The CIA is merely a tool by which the President leads Congress around by the
nose. It's their _job_ to lie. What's harder to understand is why Congress
continually falls for whatever they're selling.

------
rrggrr
It wouldn't suprise me to learn the Obama administration downplayed ISIS
purposefully. Nothing builds a coalition like a common enemy, and apart from
some disagreements over targeting, the key players (Iran, Russia, Europe,
Turkey) are coordinating efforts to destroy ISIS. Economic necesssity requires
the US defense establishment to downsize, and after decades of costly wars in
the middle east, there really is no option but to let others lead this fight.

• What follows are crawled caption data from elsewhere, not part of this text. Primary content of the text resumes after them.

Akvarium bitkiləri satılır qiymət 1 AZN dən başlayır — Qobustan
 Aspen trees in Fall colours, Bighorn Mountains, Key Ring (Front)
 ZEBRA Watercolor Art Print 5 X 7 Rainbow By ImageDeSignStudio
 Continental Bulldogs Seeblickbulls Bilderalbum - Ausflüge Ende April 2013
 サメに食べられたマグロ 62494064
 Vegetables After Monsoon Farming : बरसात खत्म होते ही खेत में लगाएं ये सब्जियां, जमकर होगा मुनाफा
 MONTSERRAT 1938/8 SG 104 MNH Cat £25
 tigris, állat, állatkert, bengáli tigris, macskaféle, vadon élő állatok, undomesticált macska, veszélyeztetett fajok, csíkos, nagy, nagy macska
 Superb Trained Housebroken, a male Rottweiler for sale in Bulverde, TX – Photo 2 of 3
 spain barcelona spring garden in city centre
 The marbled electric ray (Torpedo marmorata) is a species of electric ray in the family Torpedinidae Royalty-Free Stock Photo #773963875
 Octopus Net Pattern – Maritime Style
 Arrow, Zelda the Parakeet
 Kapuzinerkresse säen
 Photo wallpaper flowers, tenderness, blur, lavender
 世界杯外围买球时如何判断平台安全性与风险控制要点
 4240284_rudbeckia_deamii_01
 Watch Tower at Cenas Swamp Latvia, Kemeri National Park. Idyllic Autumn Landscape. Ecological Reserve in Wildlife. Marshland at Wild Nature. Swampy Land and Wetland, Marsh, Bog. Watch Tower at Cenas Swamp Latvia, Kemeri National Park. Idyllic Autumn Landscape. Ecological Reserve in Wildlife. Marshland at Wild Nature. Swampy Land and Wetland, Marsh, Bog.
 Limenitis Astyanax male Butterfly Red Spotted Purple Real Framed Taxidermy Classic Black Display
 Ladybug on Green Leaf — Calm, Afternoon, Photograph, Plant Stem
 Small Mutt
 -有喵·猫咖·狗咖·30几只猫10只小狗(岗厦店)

I suspect the administration is now rebuilding and retooling for high
intensity conflict, and that Syria/ISIS is a distraction the US doesn't need
but a conflict that requires regional actors to form a coalition. To which:
[http://www.bloomberg.com/news/articles/2015-11-22/russia-
cal...](http://www.bloomberg.com/news/articles/2015-11-22/russia-calls-for-un-
brokered-moves-in-fighting-terror-ifx-says)

------
cowardlydragon
Since operations in Iraq are just a government fraud / boondoggle by the
Pentagon and it's incestuous corporate leeches, this bad attempt at coverup
isn't surprising

------
oxide
Is this not treasonous?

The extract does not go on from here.